I wish I had found this article prior to my visit here, I highly recommend you take a printed copy if you decide to see the temple for yourself. My rather poor photographs were all taken hand-holding the camera, and only scratch the surface of the complex scenes that are depicted in these carvings.
The central ceiling is also a wonderfully carved specimen, if you can ignore the covering of cobwebs through the incredibly dim light.
In the sanctum are two Shiva Lingas, probably signifying the presence of both Shiva and Parvati. “Mallika” is another name for the Godess Parvati, and “Arjun” for Shiva. A local legend says that Shiva and Parvati once came to the village and stayed for a few days at the temple complex.
Although this is now Shiva temple, there is plenty of evidence to suggest that Mallikarjun was originally dedicated to Vishnu.
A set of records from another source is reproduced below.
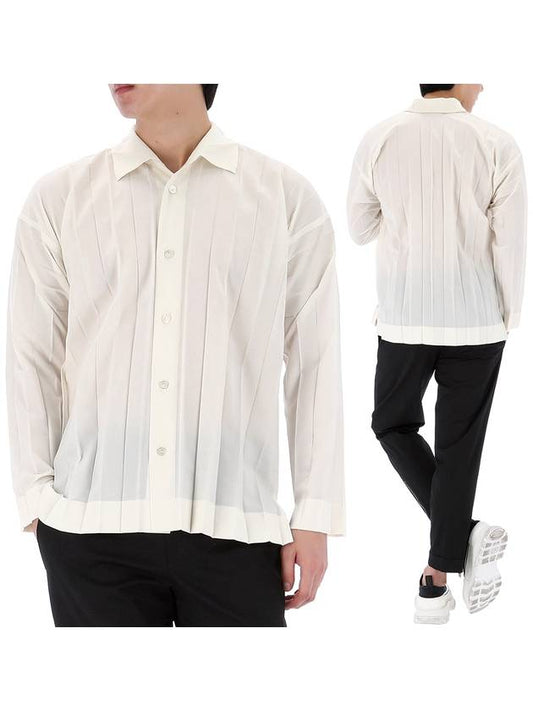 Pleated Long Sleeve Shirt White - ISSEY MIYAKE - BALAAN 2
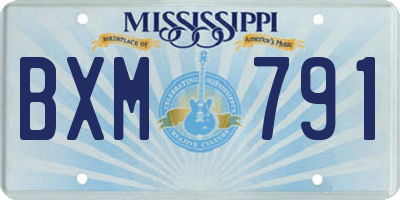 MS license plate BXM791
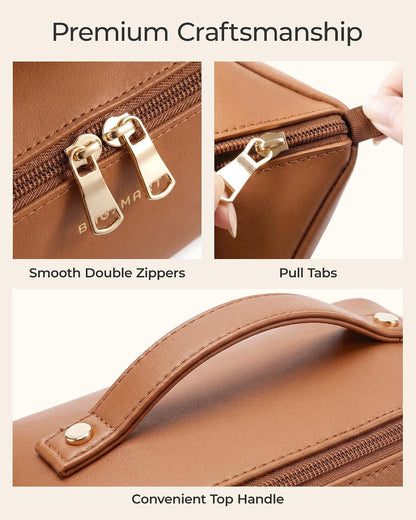 BAGSMART Makeup Bag Travel Cosmetic Bag,Women Toiletry Case, Classic Brown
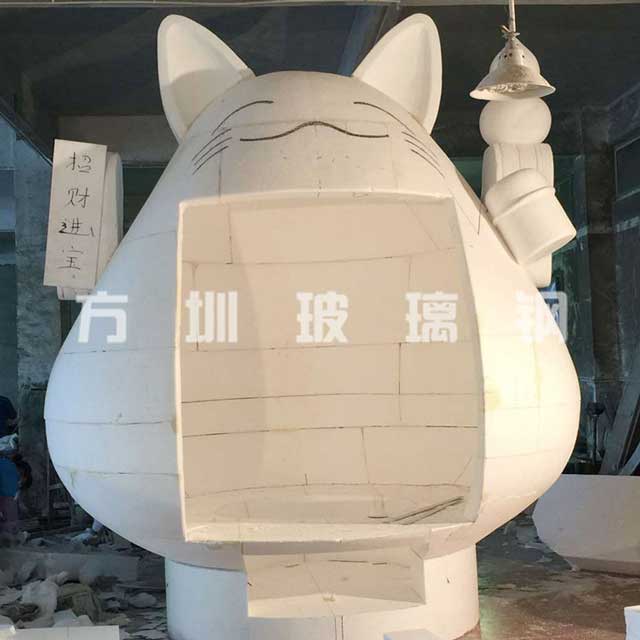 大型玻璃钢招财猫雕塑 大型玻璃钢招财猫雕塑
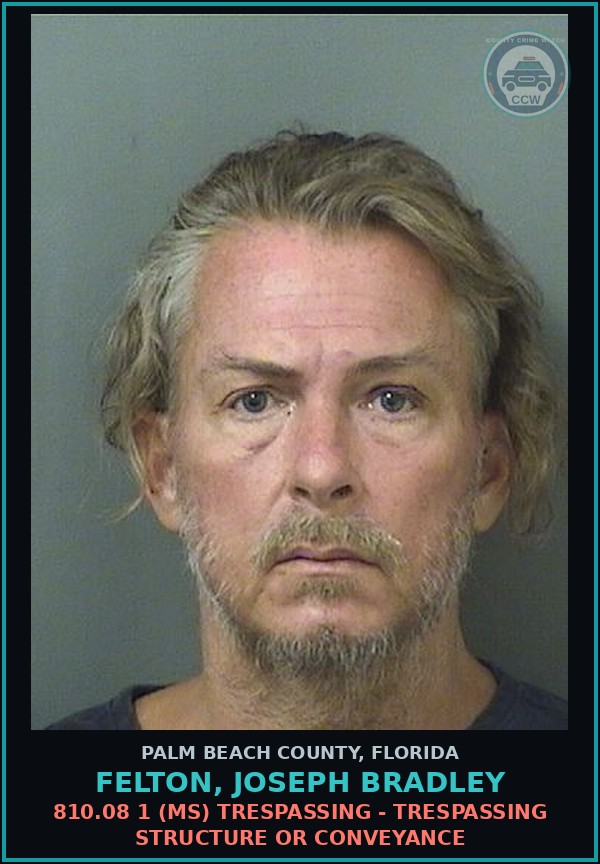 Booking mugshot of FELTON, JOSEPH BRADLEY in Palm Beach County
The existence of that finely carved Yadnyavaraha seemingly discarded from the temple complex, the dismantled Varahamandap, and the 24 niches for Vyuhantara Vishnus surrounding the tank are supporting evidence to the known fact that the Yadavas themselves worshiped Vishnu.
Mallikarjun probably switched to a Shiva temple to align with the family deity of the Bhapkar family, whose ancestral home is Loni Bhapkar. The Bhapkar family belong to the 96 Kuli Maratha clan and were themselves employed by the Yadavas in their army. Many people in the village today have the surname Baravkar which literally translates to ‘Barav (or pushkarni) makers’. The Bhapkar family were Sardars (officers) in the army of Shahji Bhosle, father of Chatrapati Shivaji Maharaj.
After the decline of the Yadav dynasty, the local Bhapkar family patronised many temples in the region, extensively renovating and revamping temples such as Bhairavnath in the village. They almost certainly had an influence in substituting the main god in the temple to align with the Shaivism wave during the Maratha era.
Back outside, the white painted Sri Datta Maharaj Mandir was unfortunately locked when I visited, so I was only able to peer in through the gate grill. It is much smaller and less elaborate than the adjacent Mallikarjun temple, and may also have been subjected to later renovations. Although I am no expert, it feels as though this temple is a slightly later addition to the complex but may be on the site of an earlier temple.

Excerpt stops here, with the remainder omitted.